→ **TASK**
When you transcribe the lines below, keep every word the same and leave the pictures behind.
Content starts
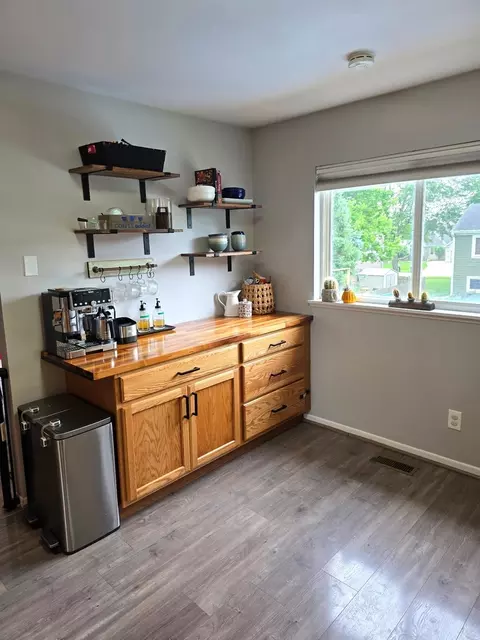 Kitchen - 4749 Oregon Trl, Mchenry, IL 60050 photo 5 of 6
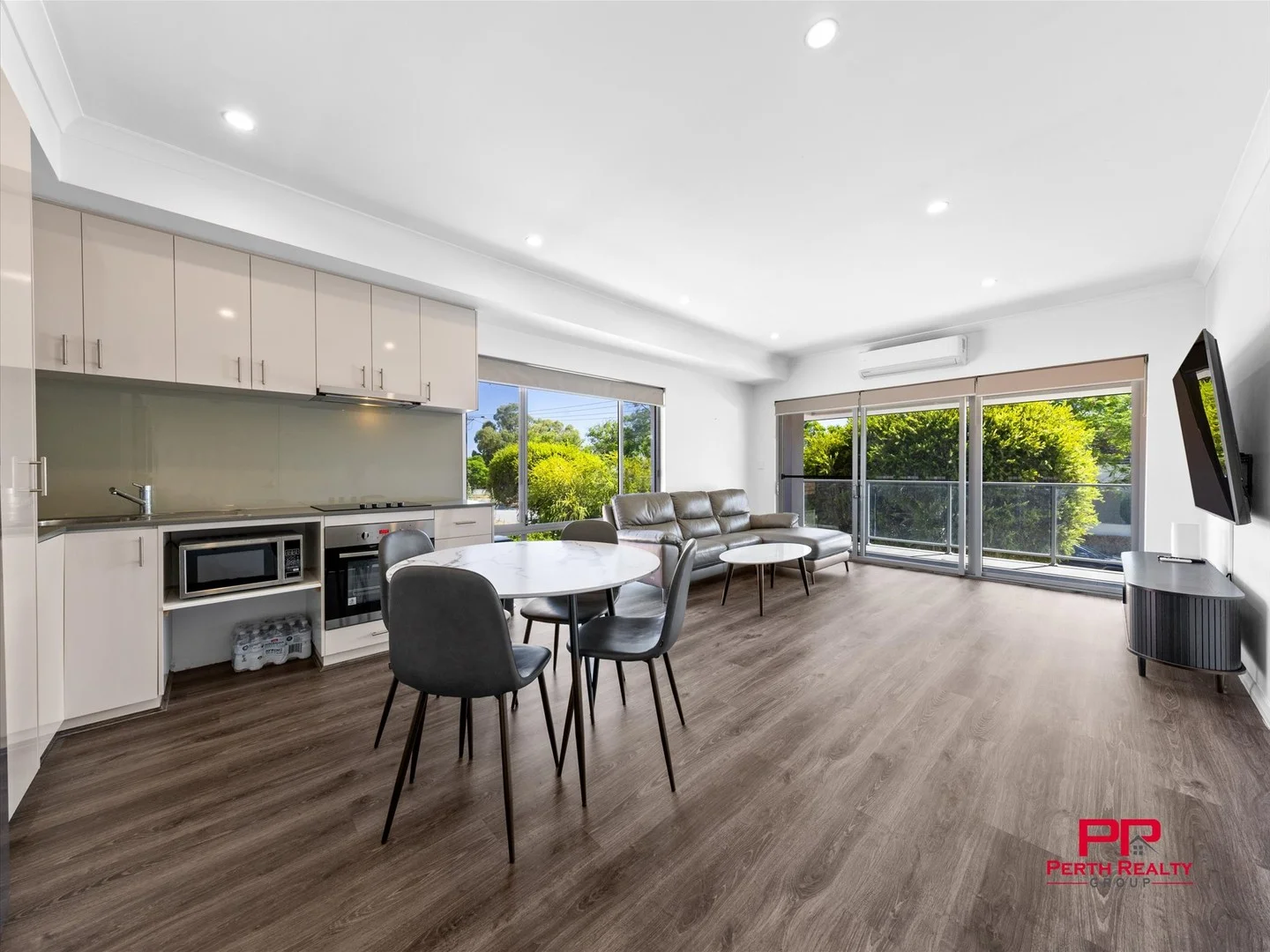 4/30 Pontiac Avenue, Cloverdale WA 6105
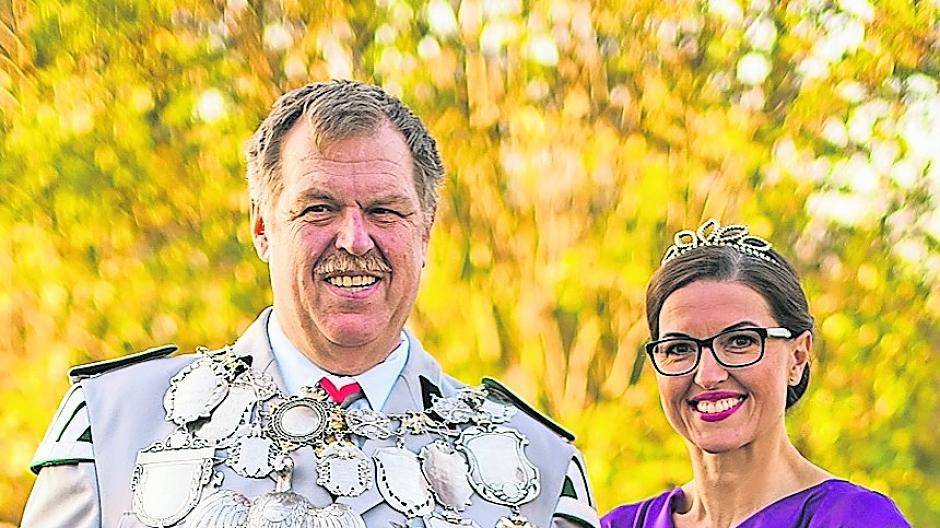  Ein Traum wird wahr für den höchsten Repräsentanten Walter Danke und seine charmante Königin Britta Müller-Bludau, das amtierende Königspaars des Bürger-Schützen-Vereins Wevelinghoven. Die beiden freuen sich auf das Einschießen des Schützen- und Heimatfestes 2017 zusammen mit der Artillerie und dem gesamten Regiment des BSV Wevelinghoven am Schützenfestsamstag. Auch die komplette schützenbegeisterte Familie von Walter Danke und Britta Müller-Bludau freut sich seit dem vorjährigen Königsvogelschuss und der prächtigen Krönung am Schützenfestdienstag auf die kommenden Tage des Frohsinns und der Freude. Nicht nur seinen Pflichten als Majestät meistert er seitdem mit Bravour, auch genießt er bei seinen Spielkameraden und Zugmitgliedern ein hohes Ansehen. Daher ist es nur selbstverständlich, dass zum 90-jährigen Bestehen des Tambour-Corps er die Gelegenheit beim Schopfe packte und an die Vogelstange trat, um seinen „Verein“ auch nach außen stärker zu repräsentieren. Wundervoll wird sich auch die Königin präsentieren. Davon werden sich wieder einmal die zahlreichen Besucher der Festumzüge am Samstag, Sonntag und Montag vergewissern dürfen. Die Königin wuchs auch in der Gartenstadt Wevelinghoven auf. Die gelernte zahnmedizinische Fachangestellte, die in Düsseldorf arbeitet, lebt mit ihrem Mann Bernhard und den Kindern Lena und Lars noch auf der Neusser-Furth. 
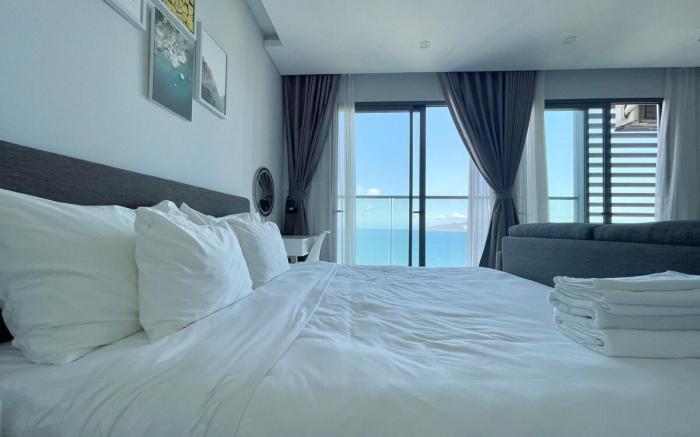 2005 Sea & Horizon Luxury Apt Full Option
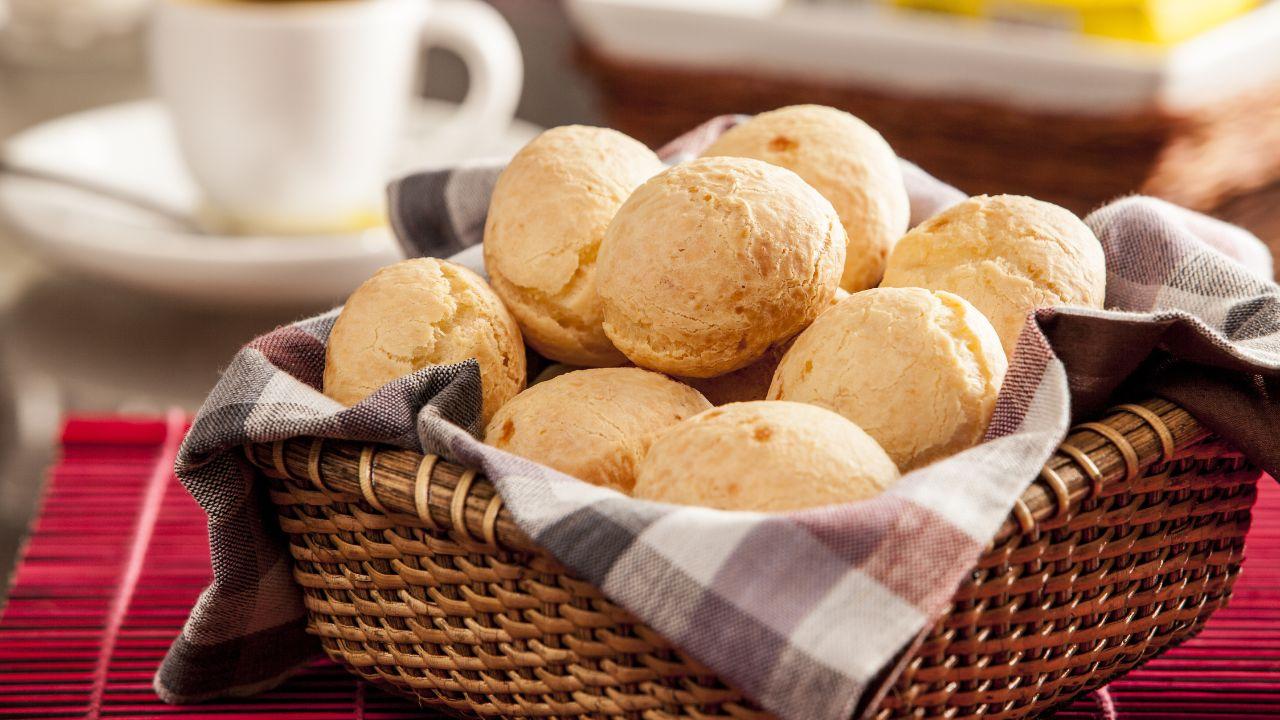 Imagem de uma cesta de pão de queijo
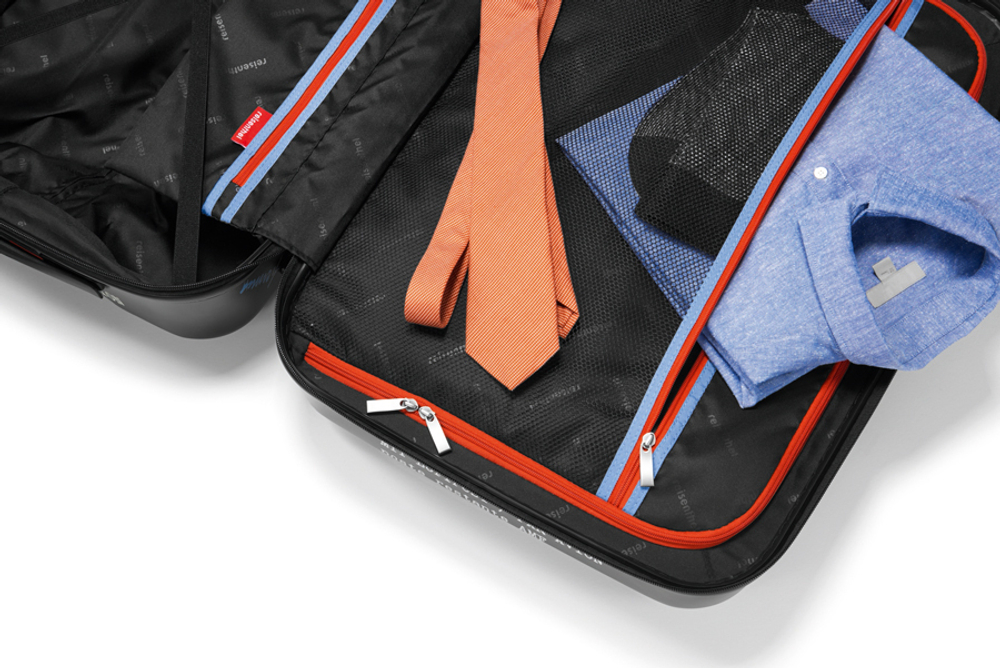 Чемодан 4-х колесный suitcase l (95л)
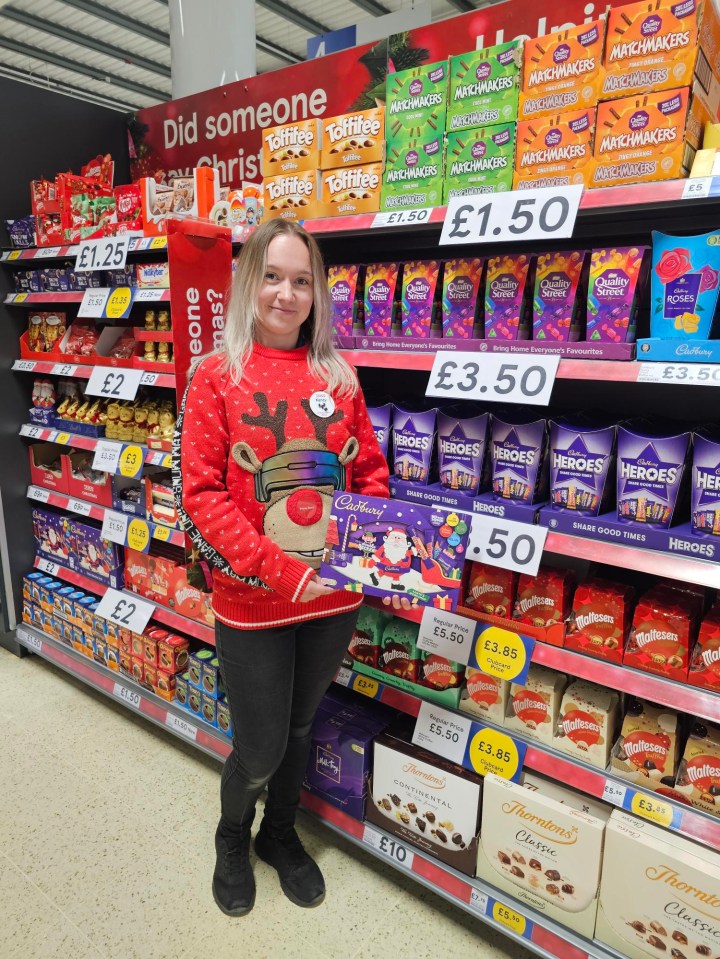 Supermarkets have thousands of temporary roles available throughout the festive period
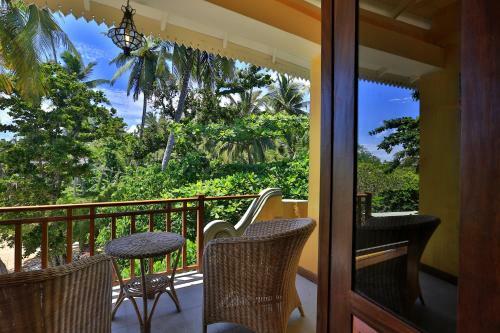 Hotel Thaproban Beach House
Content ends
→ **FINISHED EXERCISE**
 Kitchen - 4749 Oregon Trl, Mchenry, IL 60050 photo 5 of 6
 4/30 Pontiac Avenue, Cloverdale WA 6105
  Ein Traum wird wahr für den höchsten Repräsentanten Walter Danke und seine charmante Königin Britta Müller-Bludau, das amtierende Königspaars des Bürger-Schützen-Vereins Wevelinghoven. Die beiden freuen sich auf das Einschießen des Schützen- und Heimatfestes 2017 zusammen mit der Artillerie und dem gesamten Regiment des BSV Wevelinghoven am Schützenfestsamstag. Auch die komplette schützenbegeisterte Familie von Walter Danke und Britta Müller-Bludau freut sich seit dem vorjährigen Königsvogelschuss und der prächtigen Krönung am Schützenfestdienstag auf die kommenden Tage des Frohsinns und der Freude. Nicht nur seinen Pflichten als Majestät meistert er seitdem mit Bravour, auch genießt er bei seinen Spielkameraden und Zugmitgliedern ein hohes Ansehen. Daher ist es nur selbstverständlich, dass zum 90-jährigen Bestehen des Tambour-Corps er die Gelegenheit beim Schopfe packte und an die Vogelstange trat, um seinen „Verein“ auch nach außen stärker zu repräsentieren. Wundervoll wird sich auch die Königin präsentieren. Davon werden sich wieder einmal die zahlreichen Besucher der Festumzüge am Samstag, Sonntag und Montag vergewissern dürfen. Die Königin wuchs auch in der Gartenstadt Wevelinghoven auf. Die gelernte zahnmedizinische Fachangestellte, die in Düsseldorf arbeitet, lebt mit ihrem Mann Bernhard und den Kindern Lena und Lars noch auf der Neusser-Furth. 
 2005 Sea & Horizon Luxury Apt Full Option
 Imagem de uma cesta de pão de queijo
 Чемодан 4-х колесный suitcase l (95л)
 Supermarkets have thousands of temporary roles available throughout the festive period
 Hotel Thaproban Beach House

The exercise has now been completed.